Oklahoma City University’s History program offers various opportunities in both service learning and internships. Neither are offered in any programatic sense, but tailored to student interests and desires.
We’ve worked with a local museum to document and organize its collection, and students have received either independent study or internship credits for that. Another student interned at the state historical society, cataloging the papers of a local legal scholar/judge and performing other services for the society. Service learning opportunities include working on the campus Hunger Banquet (for World Neighbors, an NGO based here in OKC) and others have parlayed that into internships at the World Neighbors HQ. At the moment, we have two majors that are interested in doing museum work, and we are working to get them internships that fit their interests.
I know that a more systematic approach would be useful, but we have few enough majors that matching students with specific opportunities is easier to achieve on an ad hoc basis. I am not sure that we could sell another requirement to our majors; instead we try to combine service learning into one of their other courses and allow them to ‘double-dip.’
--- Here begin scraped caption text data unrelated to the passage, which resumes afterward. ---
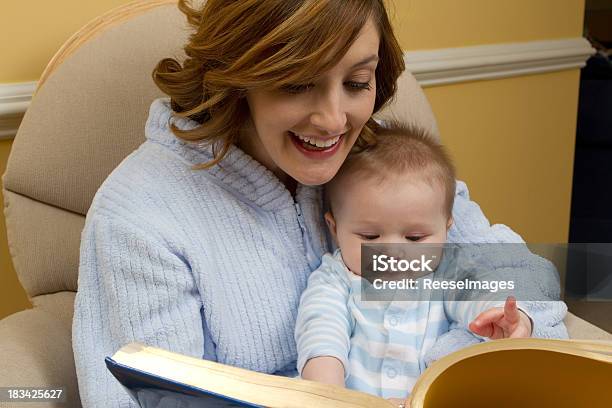Mother Reading To Child At Bedtime Stock Photo - Download Image Now - Baby - Human Age, Rocking Chair, Women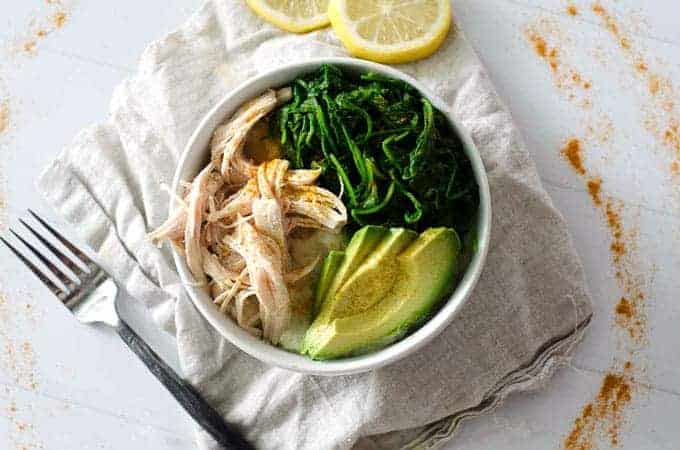 overhead view of a bowl full of chicken, greens, and avocado surrounded by turmeric and lemon slices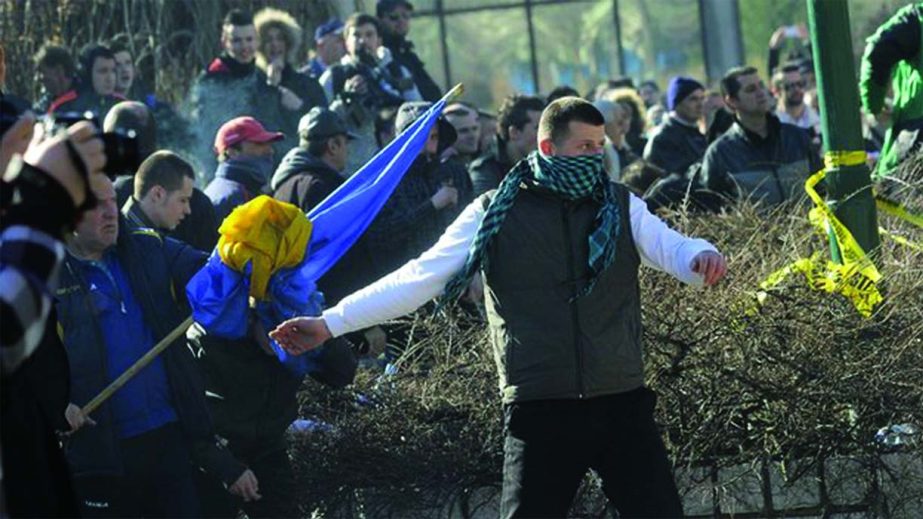 Bosnian protestors try to storm and threw stones a local government building in the Bosnian capital.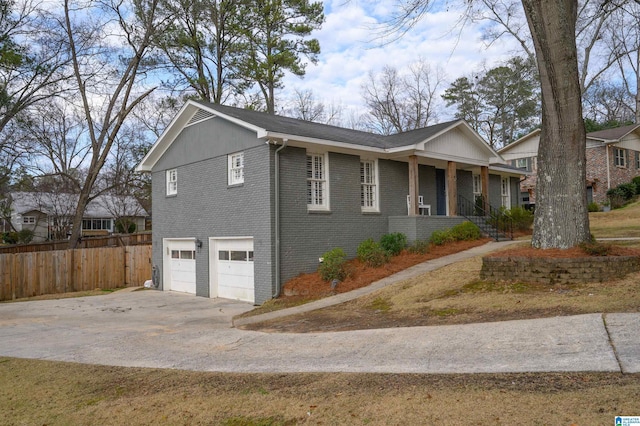 view of front of house featuring a garage, covered porch, brick siding, fence, and driveway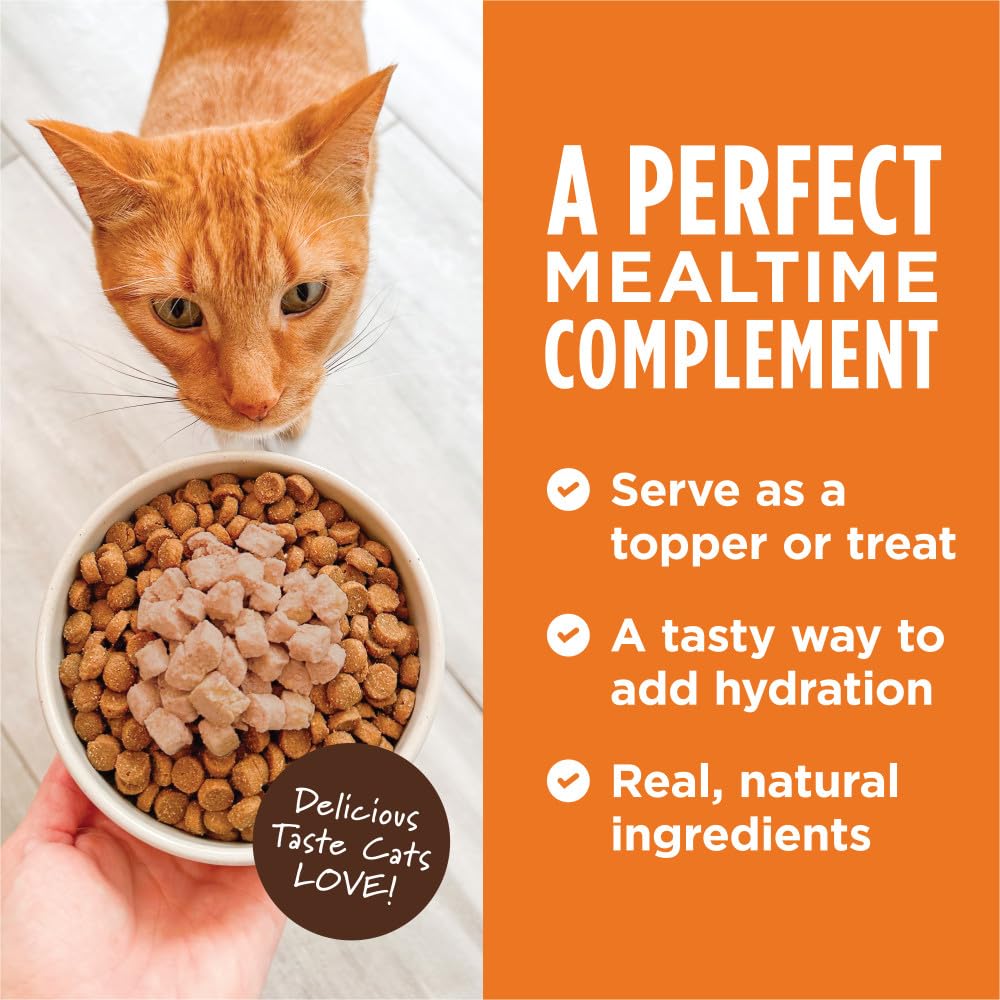 Cat savoring Instinct tuna toppers as a flavorful meal topper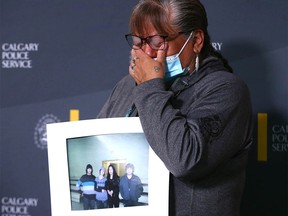 Anne Crowshoe, Colton Crowshoe’s aunt, holds a family photo and becomes emotional during a press conference at Calgary Police HQ in Calgary on Thursday, June 23, 2022. Authorities and family continue to look for answers in Colton Crowshoe’s murder and believe there are people in the community who have yet to come forward.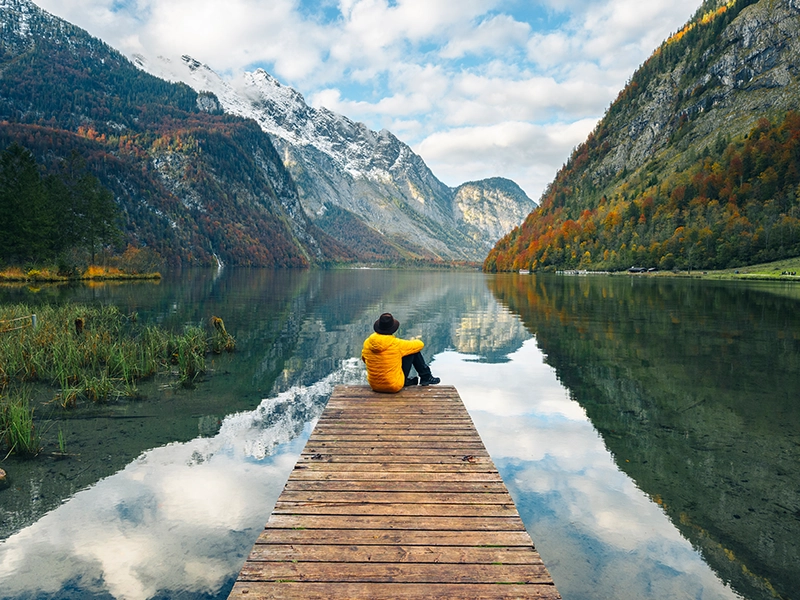 Person sitting on a wooden pier, looking out over a calm mountain lake. (photo)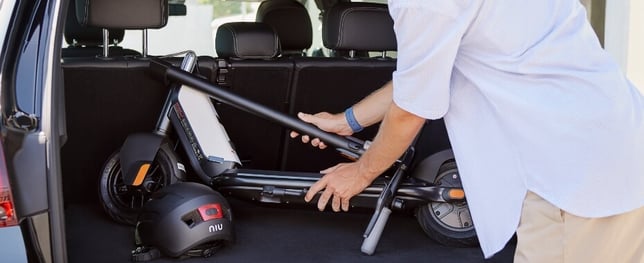 a man in a white shirt is holding a bike racket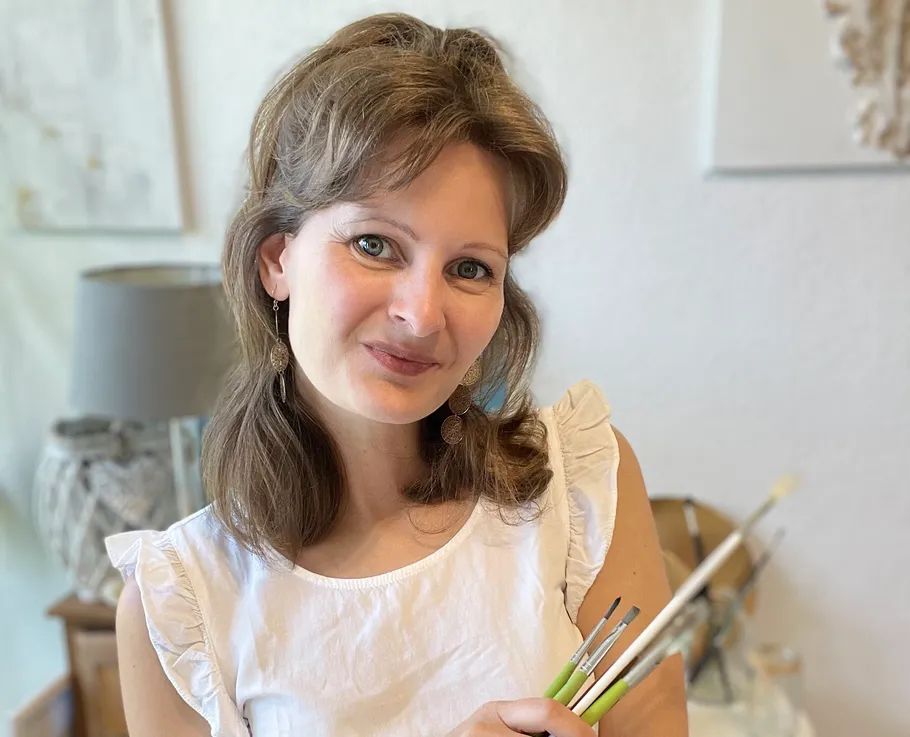 Woman holding paintbrushes, smiling indoors.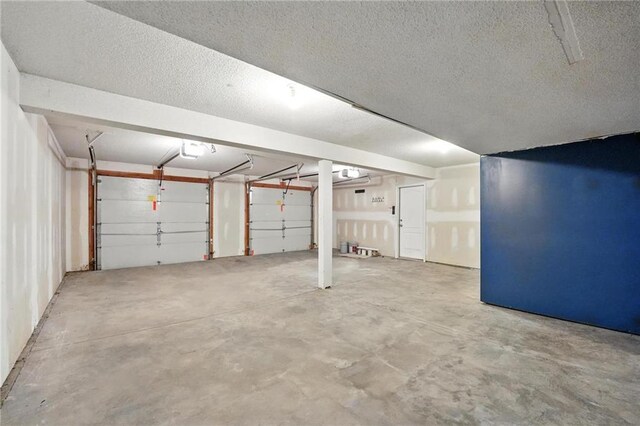 614 SW Tisha Ln, Grain Valley, MO 64029 - garage featuring a garage door opener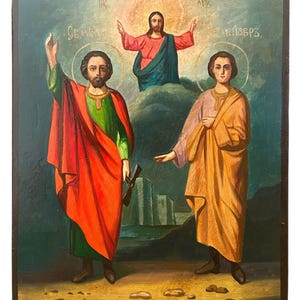 Può includere: Un'icona religiosa antica raffigurante tre figure. La figura centrale, Gesù, è raffigurata con le braccia aperte, circondato da un'aureola dorata. Due santi lo affiancano, uno con un bastone. L'opera è dipinta con colori vivaci, su sfondo scuro.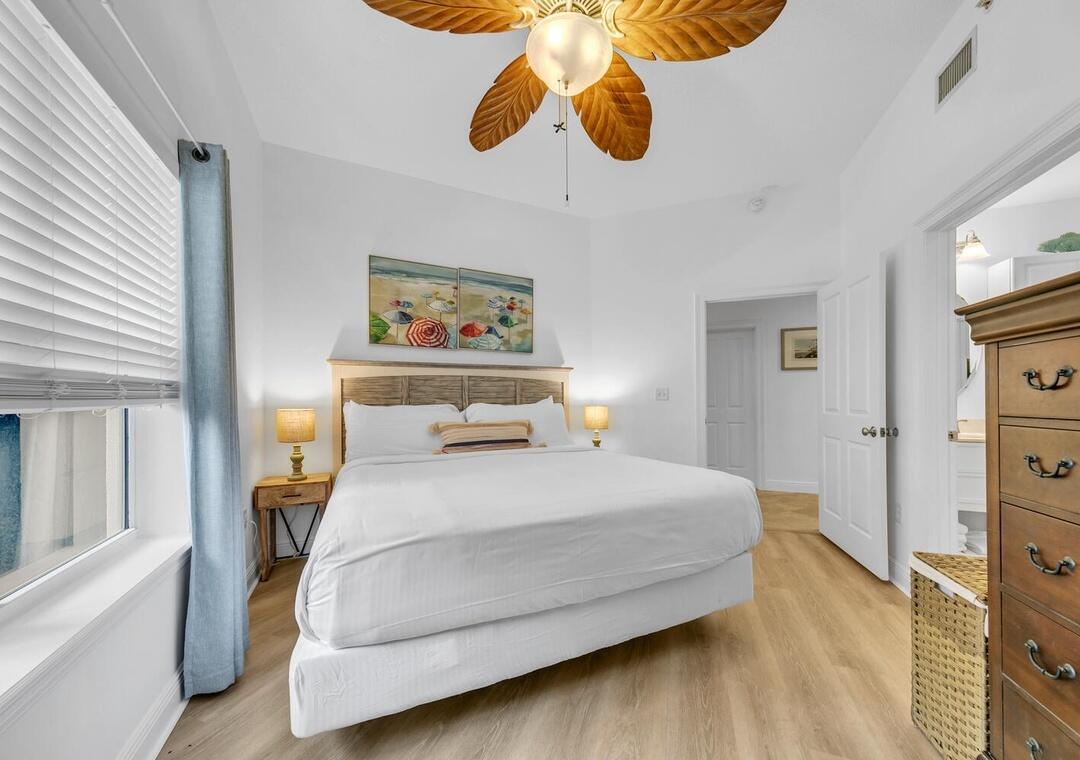 3880 East County Highway 30A, Unit 104 Santa Rosa Beach, FL 32459 - Photo 25 of 49 a bedroom with a bed and wooden floor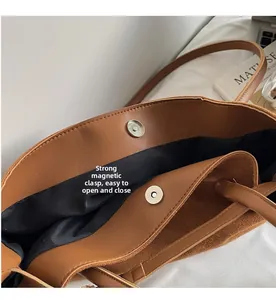 Macro detail of the brown leather tote bag showing the strong magnetic clasp closure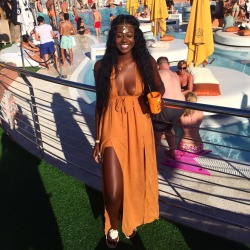 nipsndnaps:  weloveblackgirls:  This is offensive … What kind of melanin  Look at her. She’s the only Black person there and she’s shinning. 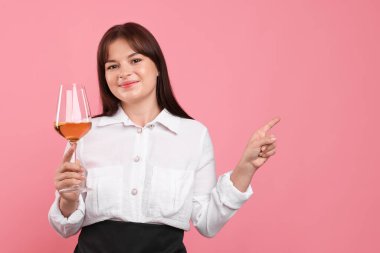 Pembe arka planda beyaz şarap kadehi olan profesyonel şarap garsonu.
Yes, it seems to me that allowing them to “double-dip” on such requirements is the only way to go.
Thank you for this very interesting look at what some universities are doing in this area. I certainly wish some of these options had been available to me back when I was an undergraduate and later in graduate school.
As part of the requirements for a proseminar, during the early 1970s, I visited the Library of Congress and the National Archives as a researcher. While useful, unlike an internship, neither experience provided a perspective from inside of what it is like to be on the other side, working as an employee charged with opening or withholding records. Of course, what you learn as an intern depends in part on what work an institution assigns to you and who is your guide and mentor.
As to public history, two historians that I know of have written excellent articles which provide a glimpse into life inside the federal government. See http://history.nasa.gov/program.html
and the link to the history of the NASA history office by Dr. Roger Launius at
http://history.nasa.gov/launiuspharticle.pdf
Dr. Victoria Harden provided a more general overview in “What Do Federal Historians Do,” at
http://www.historians.org/Perspectives/Issues/1999/9905/9905pub4.cfm
How many history departments these days invite federal historians, archivists, curators or records managers to speak to their students to give them a glimpse into nonacademic careers that relate to history? I would love to have heard such a presentation back when I was in college.
Again, thanks for this post, as someone who studied history over 30 years ago, but went to work for the federal government rather than the academy, I learned a lot from it.
Most history faculty I experienced during my days as a graduate student did not have any good idea of what one could do outside the academy. The courses and advising were correspondingly narrow. This is a huge problem for graduate students given the glut of PhDs on the market, but I can see how this problem reaches much deeper.
But is something that departments alone can solve, given their members’ training and priorities? Or is this also an issue that requires some sort of university-wide commitment (and institution of some kind).
On the other hand, since GMU already has a media and history center, perhaps the history department is a logical place to try and set a trend. That grant for creating a teaching resource could fit in here, insofar as it recognizes that many history majors will become teachers.